## Extracted data entries
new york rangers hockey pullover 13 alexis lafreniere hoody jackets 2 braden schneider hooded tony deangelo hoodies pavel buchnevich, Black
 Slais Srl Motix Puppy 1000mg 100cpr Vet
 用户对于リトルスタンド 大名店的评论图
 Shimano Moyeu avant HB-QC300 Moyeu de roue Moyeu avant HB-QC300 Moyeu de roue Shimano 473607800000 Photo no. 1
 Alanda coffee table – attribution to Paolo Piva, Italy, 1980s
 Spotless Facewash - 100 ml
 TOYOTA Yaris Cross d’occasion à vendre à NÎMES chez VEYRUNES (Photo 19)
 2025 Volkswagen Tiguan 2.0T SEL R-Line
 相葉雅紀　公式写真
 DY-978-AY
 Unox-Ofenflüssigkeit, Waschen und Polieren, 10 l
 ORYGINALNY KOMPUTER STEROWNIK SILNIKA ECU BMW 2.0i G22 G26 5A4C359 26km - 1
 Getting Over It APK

## TASK PROMPT
Reproduce only those lines of the entries above that run from the line with "Alanda coffee table" to the final line.

## YOUR RESPONSE
 Alanda coffee table – attribution to Paolo Piva, Italy, 1980s
 Spotless Facewash - 100 ml
 TOYOTA Yaris Cross d’occasion à vendre à NÎMES chez VEYRUNES (Photo 19)
 2025 Volkswagen Tiguan 2.0T SEL R-Line
 相葉雅紀　公式写真
 DY-978-AY
 Unox-Ofenflüssigkeit, Waschen und Polieren, 10 l
 ORYGINALNY KOMPUTER STEROWNIK SILNIKA ECU BMW 2.0i G22 G26 5A4C359 26km - 1
 Getting Over It APK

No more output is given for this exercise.